Chou Shu-Ping, Hung Tsui-Mei
MSN, RN, Supervisor, Department of Nursing, Taipei City Hospital, Songde Branch, Taiwan, ROC.
MSN, RN, Chief Director, Department of Nursing, Taipei City Hospital, Songde Branch, Taiwan, ROC.
Hu Li Za Zhi. 2019 Jun;66(3):35-45. doi: 10.6224/JN.201906_66(3).06.
The incidence of falls is very high among psychiatric inpatients. However, the lack of an effective, validated psychiatric inpatient fall risk assessment tool inhibits the ability of medical staffs to make correct judgments.
The purposes of this study were to compare the sensitivity, specificity, and accuracy of the psychiatric inpatient fall risk assessment tool (PIFRAT) and the Wilson-Sims fall risk assessment tool (WSFRAT) and to predict the fall risk factors in PIFRAT and WSFRAT for psychiatric inpatients.
Study data were collected from 2016/10/01 to 2017/03/10. Fall assessment data were collected from new patients during their 1st through 7th days after admission to a psychiatry unit in northern Taiwan. Data were analyzed using descriptive analysis, logistic regression analysis, reliability and validity testing, tool effective testing, and receiver operating characteristic (ROC) curve analysis.

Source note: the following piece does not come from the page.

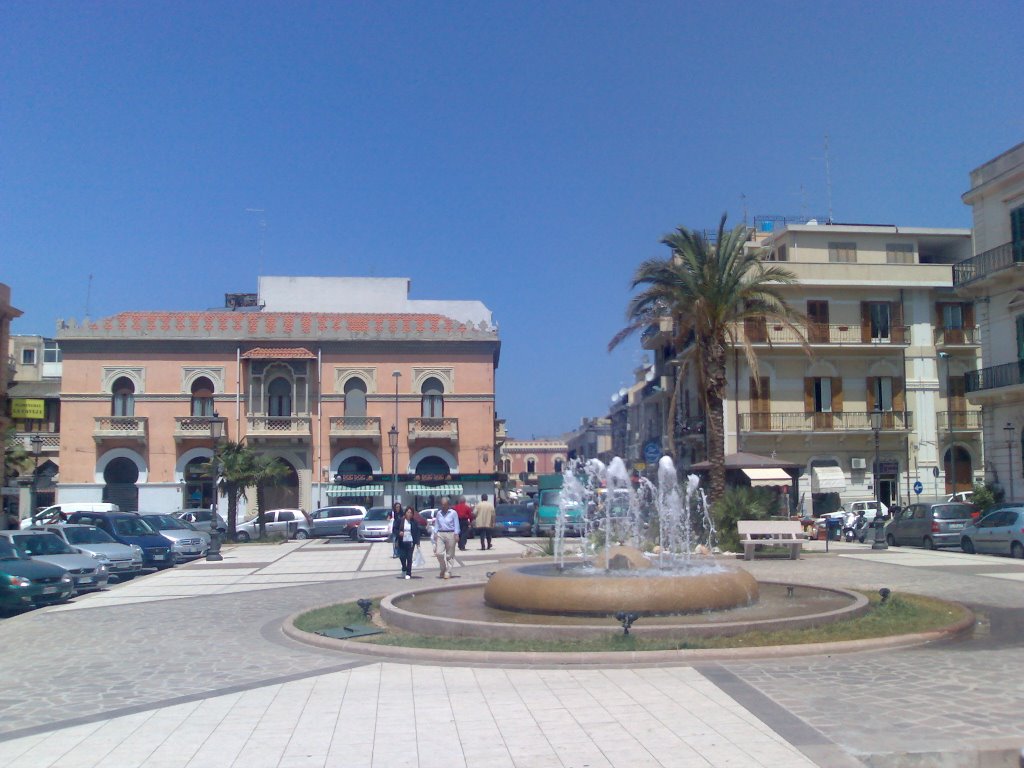 Piazza Carmine Reggio Calabria by pafald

Both of the fall risk assessment tools exhibited low sensitivity (WSFRAT 57.1%, PIFRAT 50%), the specificity of WSFRAT (79.6%) was higher than that of PIFRAT (70.4%), and the accuracy of WSFRAT (76.9%) was higher than that of PIFRAT (67.9%). The ROC curve analysis revealed that the AUC of PIFRAT was .602 (95% CI [0.48, 0.73]). According to the Youden index, the best cutoff level is 7.5 points, in which the specificity is 88.8% and the sensitivity is 39.3%. To increase the sensitivity to 96.4%, the cutoff level must be set to 1.5 points. Moreover, the AUC of WSFRAT was .625 and the highest sensitivity was 82.1% when the cutoff point was set to 3.5 points. Further, multivariate logistic regression analysis revealed that fall risk was significantly higher among patients who had previously fallen than among those had not. Male gender (OR = 2.57, 95% CI [1.11, 5.94]), physical activity difficulties (OR = 3.43; 95% CI [1.40, 8.41]), and weakness (OR = 3.03; 95% CI [1.08, 8.49]) were each significantly associated with fall risk.
CONCLUSIONS / IMPLICATIONS FOR PRACTICE: This study identified four critical risk factors for falls. In the future, clinical healthcare professionals should be more aware of these factors and develop related fall-prevention interventions. The findings may serve as references for the future development of psychiatric fall assessment tools.
精神科住院患者跌倒发生率很高。然而,缺乏有效的、经过验证的精神科住院患者跌倒风险评估工具,这影响了医护人员做出正确判断的能力。
本研究旨在比较精神科住院患者跌倒风险评估工具(PIFRAT)和威尔逊 - 西姆斯跌倒风险评估工具(WSFRAT)的敏感性、特异性和准确性,并预测PIFRAT和WSFRAT中精神科住院患者的跌倒风险因素。
研究数据收集于2016年10月1日至2017年3月10日。跌倒评估数据收集自台湾北部一家精神科病房新入院患者入院后第1天至第7天。数据采用描述性分析、逻辑回归分析、信效度检验、工具有效性检验和受试者工作特征(ROC)曲线分析。
两种跌倒风险评估工具的敏感性均较低(WSFRAT为57.1%,PIFRAT为50%),WSFRAT的特异性(79.6%)高于PIFRAT(70.4%),WSFRAT的准确性(76.9%)高于PIFRAT(67.9%)。ROC曲线分析显示,PIFRAT的AUC为0.602(95%CI[0.48,0.73])。根据约登指数,最佳截断水平为7.5分,此时特异性为88.8%,敏感性为39.3%。若将敏感性提高到96.4%,截断水平必须设定为1.5分。此外,WSFRAT的AUC为0.625,当截断点设定为3.5分时,最高敏感性为82.1%。进一步的多因素逻辑回归分析显示,既往有跌倒史的患者跌倒风险显著高于无跌倒史的患者。男性(OR = 2.57,95%CI[1.11,5.94])、身体活动困难(OR = 3.43;95%CI[1.40,8.41])和虚弱(OR = 3.03;95%CI[1.08,8.49])均与跌倒风险显著相关。
结论/对实践的启示:本研究确定了四个跌倒的关键风险因素。未来,临床医护人员应更加关注这些因素,并制定相关的跌倒预防干预措施。这些发现可为精神科跌倒评估工具的未来发展提供参考。